Instructions for the task> The lines from the one containing "istock Hand with" through the last one in the data: please copy those exactly, and only those, without the pictures.

Data below>
============================================================

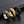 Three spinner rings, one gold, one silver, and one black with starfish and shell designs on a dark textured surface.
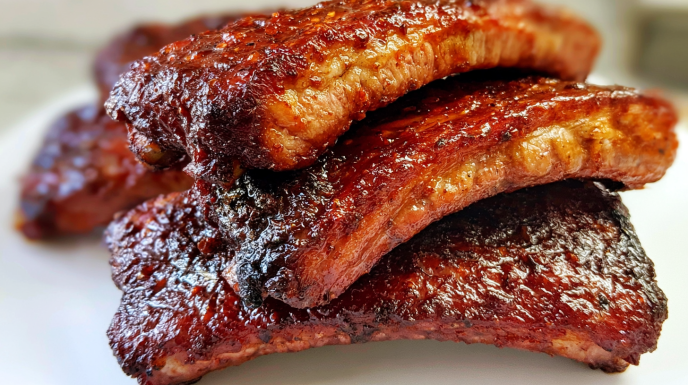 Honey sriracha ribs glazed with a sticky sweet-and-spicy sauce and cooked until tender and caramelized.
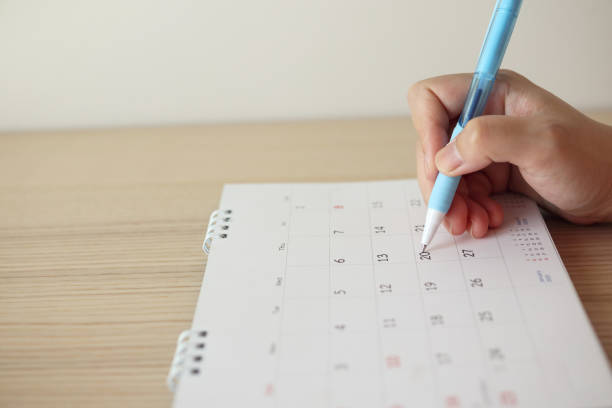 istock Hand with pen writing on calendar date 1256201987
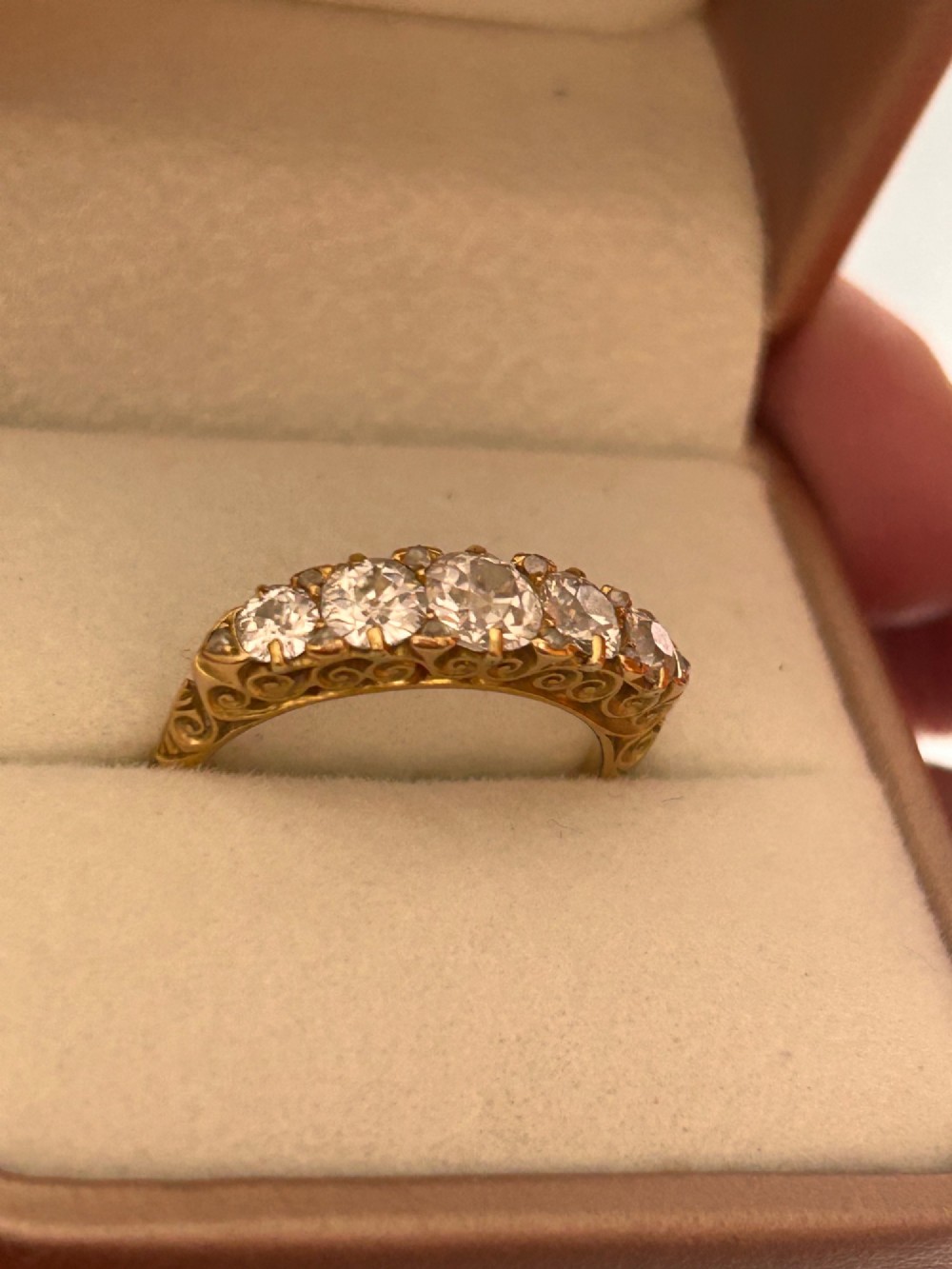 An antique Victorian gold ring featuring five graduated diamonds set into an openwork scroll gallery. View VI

============================================================

Your solution>
 istock Hand with pen writing on calendar date 1256201987
 An antique Victorian gold ring featuring five graduated diamonds set into an openwork scroll gallery. View VI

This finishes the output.